──────── Data for the task
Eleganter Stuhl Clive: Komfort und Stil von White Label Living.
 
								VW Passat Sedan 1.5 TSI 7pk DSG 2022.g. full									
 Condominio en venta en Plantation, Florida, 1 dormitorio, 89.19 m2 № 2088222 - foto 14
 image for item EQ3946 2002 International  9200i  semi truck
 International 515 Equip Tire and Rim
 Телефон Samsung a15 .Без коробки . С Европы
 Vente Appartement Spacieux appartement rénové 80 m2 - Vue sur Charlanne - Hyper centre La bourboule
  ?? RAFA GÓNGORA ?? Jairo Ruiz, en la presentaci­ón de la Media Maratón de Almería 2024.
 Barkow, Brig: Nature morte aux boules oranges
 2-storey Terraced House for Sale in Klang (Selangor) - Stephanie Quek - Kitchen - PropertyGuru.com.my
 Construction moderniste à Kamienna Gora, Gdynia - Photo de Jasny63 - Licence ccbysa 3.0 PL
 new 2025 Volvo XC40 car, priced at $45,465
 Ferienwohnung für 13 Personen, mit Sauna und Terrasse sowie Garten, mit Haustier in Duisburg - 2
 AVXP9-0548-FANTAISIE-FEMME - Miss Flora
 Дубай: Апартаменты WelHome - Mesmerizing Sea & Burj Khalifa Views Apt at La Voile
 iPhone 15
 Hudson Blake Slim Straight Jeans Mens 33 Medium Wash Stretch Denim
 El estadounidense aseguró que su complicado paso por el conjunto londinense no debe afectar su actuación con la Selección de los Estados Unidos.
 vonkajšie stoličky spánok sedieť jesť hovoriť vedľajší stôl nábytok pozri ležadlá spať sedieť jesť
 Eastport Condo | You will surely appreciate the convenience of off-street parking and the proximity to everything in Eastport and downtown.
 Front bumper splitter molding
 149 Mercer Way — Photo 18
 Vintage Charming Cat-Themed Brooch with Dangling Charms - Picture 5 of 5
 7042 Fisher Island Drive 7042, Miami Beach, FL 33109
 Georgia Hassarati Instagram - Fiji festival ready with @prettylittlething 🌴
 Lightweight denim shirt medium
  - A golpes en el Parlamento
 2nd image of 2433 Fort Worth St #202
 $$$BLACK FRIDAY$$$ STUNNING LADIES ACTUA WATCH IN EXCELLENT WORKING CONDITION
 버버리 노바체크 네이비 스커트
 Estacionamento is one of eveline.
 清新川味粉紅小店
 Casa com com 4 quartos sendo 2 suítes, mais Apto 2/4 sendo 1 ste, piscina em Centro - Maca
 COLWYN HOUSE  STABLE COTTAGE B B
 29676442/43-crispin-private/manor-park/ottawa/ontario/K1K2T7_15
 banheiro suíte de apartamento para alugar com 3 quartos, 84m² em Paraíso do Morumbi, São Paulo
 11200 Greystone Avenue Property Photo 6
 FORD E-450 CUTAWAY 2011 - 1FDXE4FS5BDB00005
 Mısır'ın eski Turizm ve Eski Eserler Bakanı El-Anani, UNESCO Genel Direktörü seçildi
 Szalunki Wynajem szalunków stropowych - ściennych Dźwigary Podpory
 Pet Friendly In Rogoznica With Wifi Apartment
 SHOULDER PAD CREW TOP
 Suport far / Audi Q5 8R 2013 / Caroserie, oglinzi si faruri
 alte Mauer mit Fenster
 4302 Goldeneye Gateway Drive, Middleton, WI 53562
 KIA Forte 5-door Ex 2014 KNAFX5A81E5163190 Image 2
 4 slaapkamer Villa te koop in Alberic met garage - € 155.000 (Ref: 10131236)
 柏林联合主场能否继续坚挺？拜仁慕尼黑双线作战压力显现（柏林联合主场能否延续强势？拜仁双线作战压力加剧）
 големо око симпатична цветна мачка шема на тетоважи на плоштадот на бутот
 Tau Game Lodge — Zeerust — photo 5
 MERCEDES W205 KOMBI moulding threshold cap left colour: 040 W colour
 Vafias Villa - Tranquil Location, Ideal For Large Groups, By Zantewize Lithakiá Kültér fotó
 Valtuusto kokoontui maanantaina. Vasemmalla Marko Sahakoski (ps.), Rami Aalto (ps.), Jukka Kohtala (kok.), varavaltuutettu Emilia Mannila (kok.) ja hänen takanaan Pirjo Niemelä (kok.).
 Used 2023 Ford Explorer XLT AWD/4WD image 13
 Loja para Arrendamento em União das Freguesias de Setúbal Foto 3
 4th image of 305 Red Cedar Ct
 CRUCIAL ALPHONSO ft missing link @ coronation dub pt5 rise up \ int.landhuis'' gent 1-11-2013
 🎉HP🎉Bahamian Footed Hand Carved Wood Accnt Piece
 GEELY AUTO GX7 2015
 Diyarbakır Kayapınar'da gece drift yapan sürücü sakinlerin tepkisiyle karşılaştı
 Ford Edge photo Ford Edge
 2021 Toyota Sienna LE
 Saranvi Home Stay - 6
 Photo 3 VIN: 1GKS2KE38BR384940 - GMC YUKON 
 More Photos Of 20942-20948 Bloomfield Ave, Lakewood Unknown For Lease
────────────────
_What you are asked to do:_
Please repeat the complete material exactly, with nothing omitted.

_Answer box:_
Eleganter Stuhl Clive: Komfort und Stil von White Label Living.
 
								VW Passat Sedan 1.5 TSI 7pk DSG 2022.g. full									
 Condominio en venta en Plantation, Florida, 1 dormitorio, 89.19 m2 № 2088222 - foto 14
 image for item EQ3946 2002 International  9200i  semi truck
 International 515 Equip Tire and Rim
 Телефон Samsung a15 .Без коробки . С Европы
 Vente Appartement Spacieux appartement rénové 80 m2 - Vue sur Charlanne - Hyper centre La bourboule
  ?? RAFA GÓNGORA ?? Jairo Ruiz, en la presentaci­ón de la Media Maratón de Almería 2024.
 Barkow, Brig: Nature morte aux boules oranges
 2-storey Terraced House for Sale in Klang (Selangor) - Stephanie Quek - Kitchen - PropertyGuru.com.my
 Construction moderniste à Kamienna Gora, Gdynia - Photo de Jasny63 - Licence ccbysa 3.0 PL
 new 2025 Volvo XC40 car, priced at $45,465
 Ferienwohnung für 13 Personen, mit Sauna und Terrasse sowie Garten, mit Haustier in Duisburg - 2
 AVXP9-0548-FANTAISIE-FEMME - Miss Flora
 Дубай: Апартаменты WelHome - Mesmerizing Sea & Burj Khalifa Views Apt at La Voile
 iPhone 15
 Hudson Blake Slim Straight Jeans Mens 33 Medium Wash Stretch Denim
 El estadounidense aseguró que su complicado paso por el conjunto londinense no debe afectar su actuación con la Selección de los Estados Unidos.
 vonkajšie stoličky spánok sedieť jesť hovoriť vedľajší stôl nábytok pozri ležadlá spať sedieť jesť
 Eastport Condo | You will surely appreciate the convenience of off-street parking and the proximity to everything in Eastport and downtown.
 Front bumper splitter molding
 149 Mercer Way — Photo 18
 Vintage Charming Cat-Themed Brooch with Dangling Charms - Picture 5 of 5
 7042 Fisher Island Drive 7042, Miami Beach, FL 33109
 Georgia Hassarati Instagram - Fiji festival ready with @prettylittlething 🌴
 Lightweight denim shirt medium
  - A golpes en el Parlamento
 2nd image of 2433 Fort Worth St #202
 $$$BLACK FRIDAY$$$ STUNNING LADIES ACTUA WATCH IN EXCELLENT WORKING CONDITION
 버버리 노바체크 네이비 스커트
 Estacionamento is one of eveline.
 清新川味粉紅小店
 Casa com com 4 quartos sendo 2 suítes, mais Apto 2/4 sendo 1 ste, piscina em Centro - Maca
 COLWYN HOUSE  STABLE COTTAGE B B
 29676442/43-crispin-private/manor-park/ottawa/ontario/K1K2T7_15
 banheiro suíte de apartamento para alugar com 3 quartos, 84m² em Paraíso do Morumbi, São Paulo
 11200 Greystone Avenue Property Photo 6
 FORD E-450 CUTAWAY 2011 - 1FDXE4FS5BDB00005
 Mısır'ın eski Turizm ve Eski Eserler Bakanı El-Anani, UNESCO Genel Direktörü seçildi
 Szalunki Wynajem szalunków stropowych - ściennych Dźwigary Podpory
 Pet Friendly In Rogoznica With Wifi Apartment
 SHOULDER PAD CREW TOP
 Suport far / Audi Q5 8R 2013 / Caroserie, oglinzi si faruri
 alte Mauer mit Fenster
 4302 Goldeneye Gateway Drive, Middleton, WI 53562
 KIA Forte 5-door Ex 2014 KNAFX5A81E5163190 Image 2
 4 slaapkamer Villa te koop in Alberic met garage - € 155.000 (Ref: 10131236)
 柏林联合主场能否继续坚挺？拜仁慕尼黑双线作战压力显现（柏林联合主场能否延续强势？拜仁双线作战压力加剧）
 големо око симпатична цветна мачка шема на тетоважи на плоштадот на бутот
 Tau Game Lodge — Zeerust — photo 5
 MERCEDES W205 KOMBI moulding threshold cap left colour: 040 W colour
 Vafias Villa - Tranquil Location, Ideal For Large Groups, By Zantewize Lithakiá Kültér fotó
 Valtuusto kokoontui maanantaina. Vasemmalla Marko Sahakoski (ps.), Rami Aalto (ps.), Jukka Kohtala (kok.), varavaltuutettu Emilia Mannila (kok.) ja hänen takanaan Pirjo Niemelä (kok.).
 Used 2023 Ford Explorer XLT AWD/4WD image 13
 Loja para Arrendamento em União das Freguesias de Setúbal Foto 3
 4th image of 305 Red Cedar Ct
 CRUCIAL ALPHONSO ft missing link @ coronation dub pt5 rise up \ int.landhuis'' gent 1-11-2013
 🎉HP🎉Bahamian Footed Hand Carved Wood Accnt Piece
 GEELY AUTO GX7 2015
 Diyarbakır Kayapınar'da gece drift yapan sürücü sakinlerin tepkisiyle karşılaştı
 Ford Edge photo Ford Edge
 2021 Toyota Sienna LE
 Saranvi Home Stay - 6
 Photo 3 VIN: 1GKS2KE38BR384940 - GMC YUKON 
 More Photos Of 20942-20948 Bloomfield Ave, Lakewood Unknown For Lease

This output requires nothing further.